## Prompt
Starting at the line that contains "Knapen Trailers K200", write out every line through the end of the records exactly as it stands, and leave out all pictures.

## Dataset content
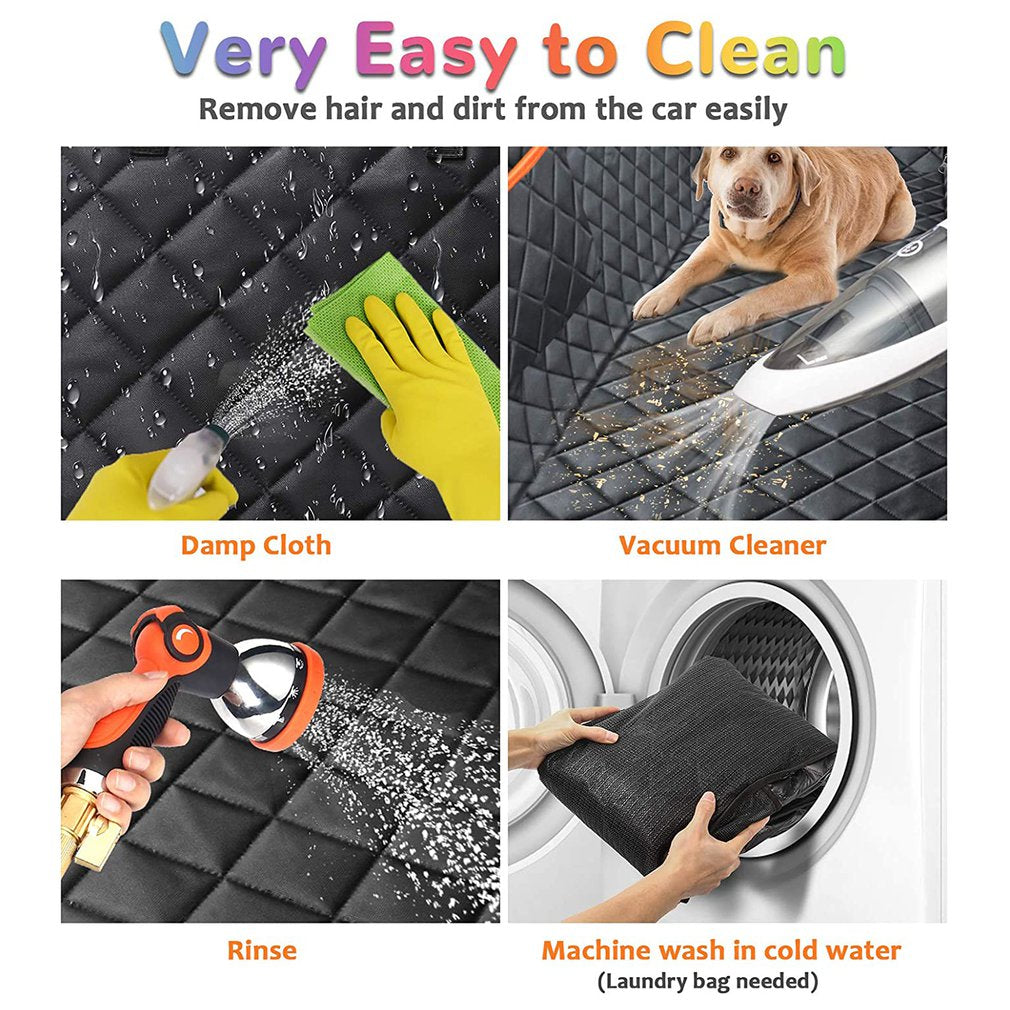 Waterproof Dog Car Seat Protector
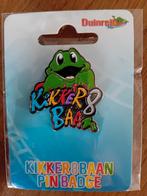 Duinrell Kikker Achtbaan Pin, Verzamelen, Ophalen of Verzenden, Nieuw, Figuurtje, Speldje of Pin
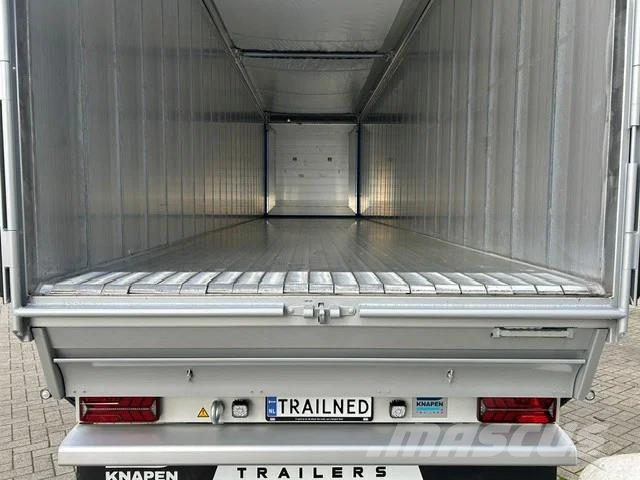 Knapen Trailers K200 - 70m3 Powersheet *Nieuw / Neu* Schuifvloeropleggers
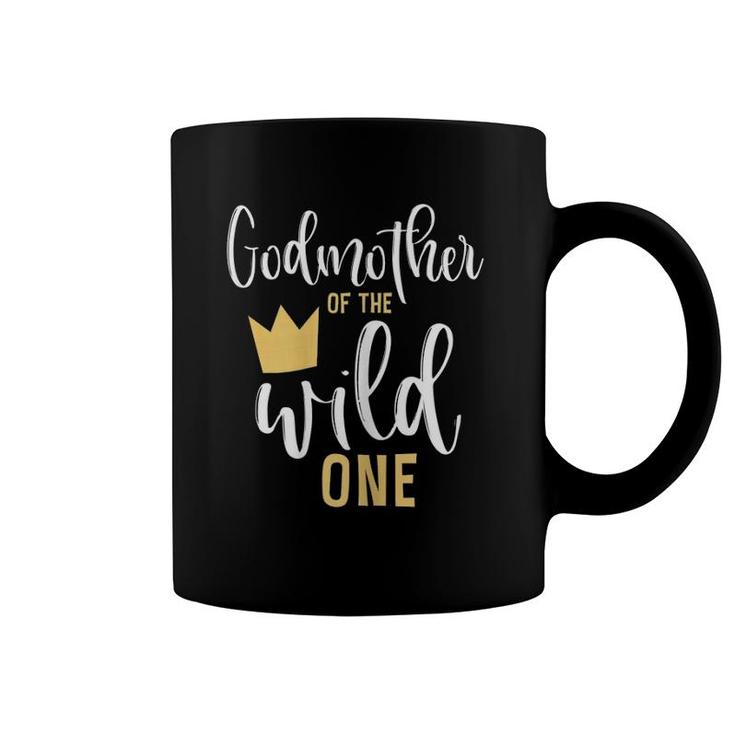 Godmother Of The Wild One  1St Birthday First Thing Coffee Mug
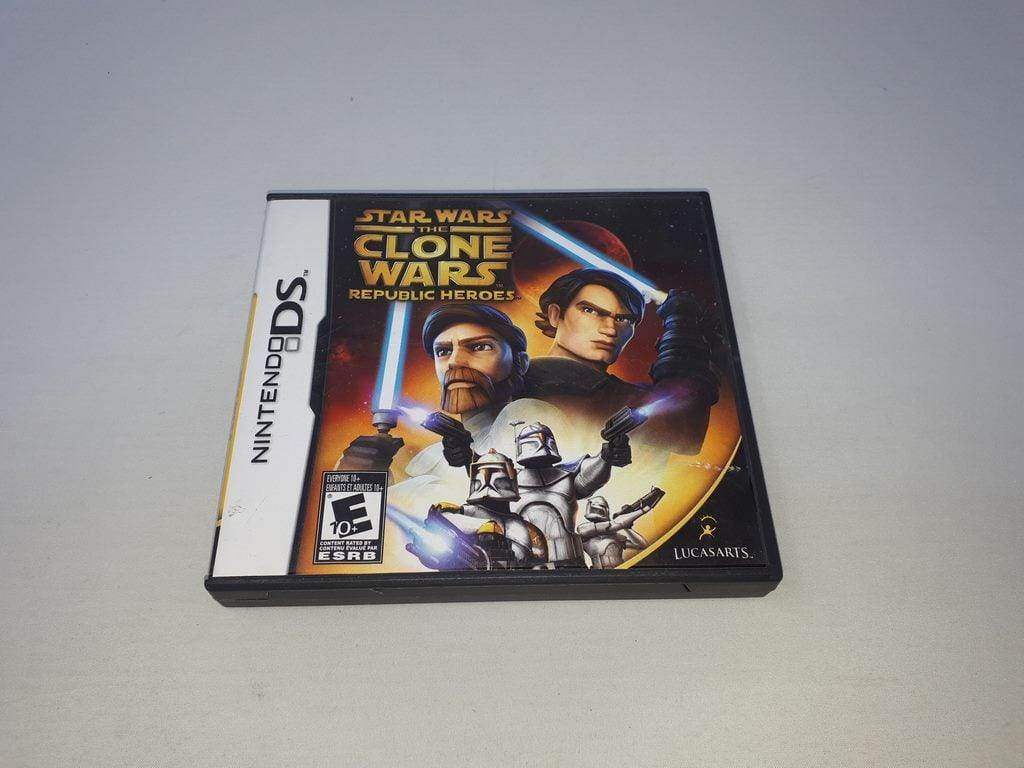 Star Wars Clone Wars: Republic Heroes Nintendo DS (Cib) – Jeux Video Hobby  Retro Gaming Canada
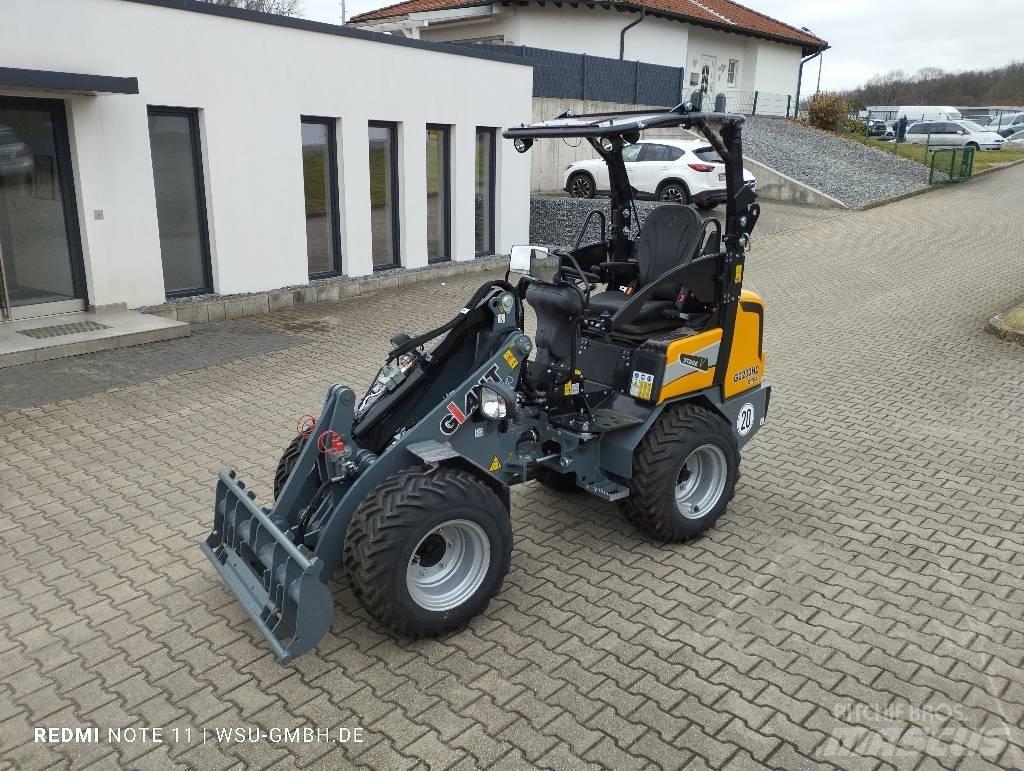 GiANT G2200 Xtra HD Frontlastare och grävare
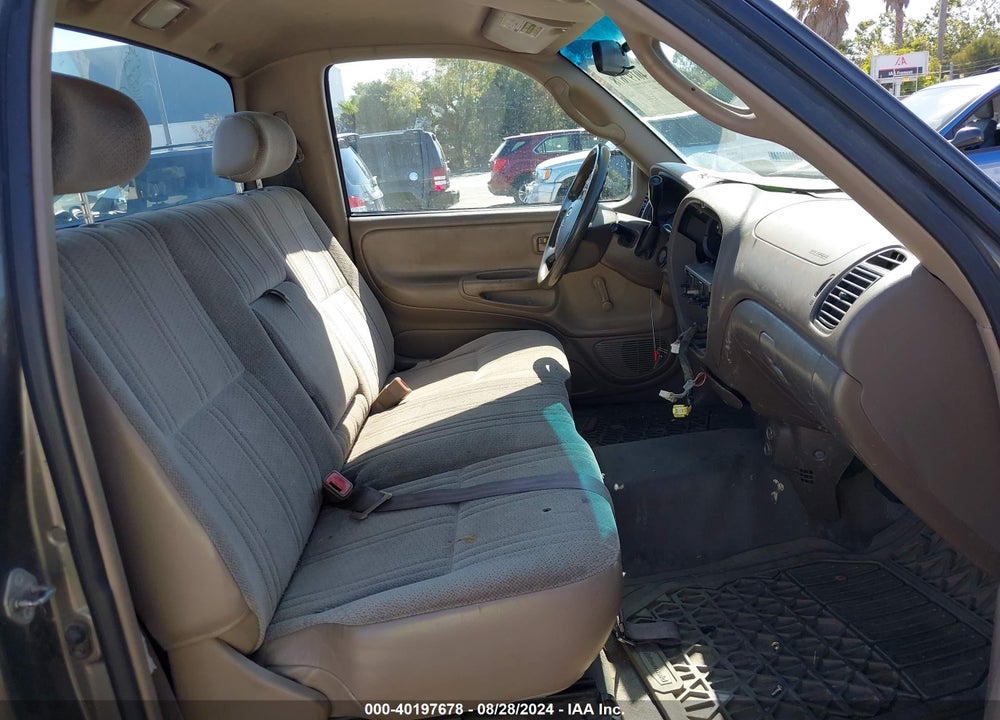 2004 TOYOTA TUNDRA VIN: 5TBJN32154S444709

## Exercise answer
 Knapen Trailers K200 - 70m3 Powersheet *Nieuw / Neu* Schuifvloeropleggers
 Godmother Of The Wild One  1St Birthday First Thing Coffee Mug
 Star Wars Clone Wars: Republic Heroes Nintendo DS (Cib) – Jeux Video Hobby  Retro Gaming Canada
 GiANT G2200 Xtra HD Frontlastare och grävare
 2004 TOYOTA TUNDRA VIN: 5TBJN32154S444709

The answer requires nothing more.